I'm here all night if anyone else needs some other lazy name suggestions.
If it helps, MoE's aren't just disparate 'expert' models trained to deal with specific domain knowledge jammed into a bigger model, but rather are the same base model trained in similar ways where each model ends up specialising on individual tokens. As the image dartos linked shows, you can end up with some 'experts' in the model that really, really like placing punctuation or language syntax for whatever reason.
All part are loaded in as any could be called upon to generate the next token.
Thanks a lot.
https://substackcdn.com/image/fetch/f_auto,q_auto:good,fl_pr...
Each different color highlight is a generated by a different expert.
You can see that the "experts" are more experts of syntax than concepts. Notice how the light blue one almost always generates puncuation and operators. (until later layers when the red one does so)

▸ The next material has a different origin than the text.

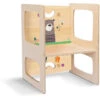 Onlywood Sedia Montessori MAGICWOOD Con Disegni Colorati -Cameretta Per Bambini 58974088 1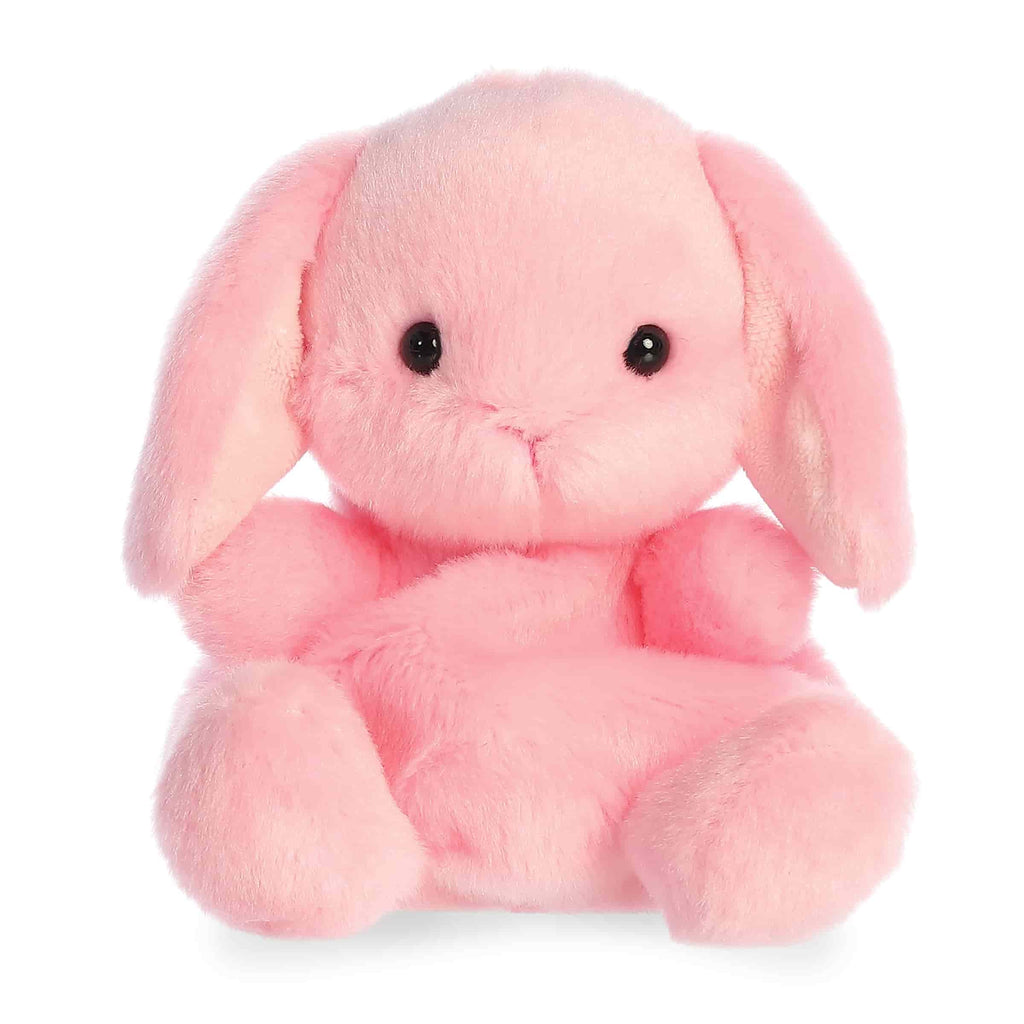Palm Pals 5 Inch Petal the Pink Lop Bunny Easter Plush Toy – Owl and ...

I'm honestly not too sure the mechanism behind which experts gets chosen. I'm sure it's encoded in the weights somehow, but I haven't gone too deep into MoE models.
Then you get some strange ones where parts of whole words are generated by different experts.
Makes me think that there’s room for improvement in the expert selection machinery, but I don’t know enough about it to speculate.
(Also, beware, molmo.org is an AI-generated website to absorb through SEO Allen AI’s efforts; the real website is molmo.allenai.org. Note for instance that all tweets listed here are from fake accounts since suspended: https://molmo.org/#how-to-use)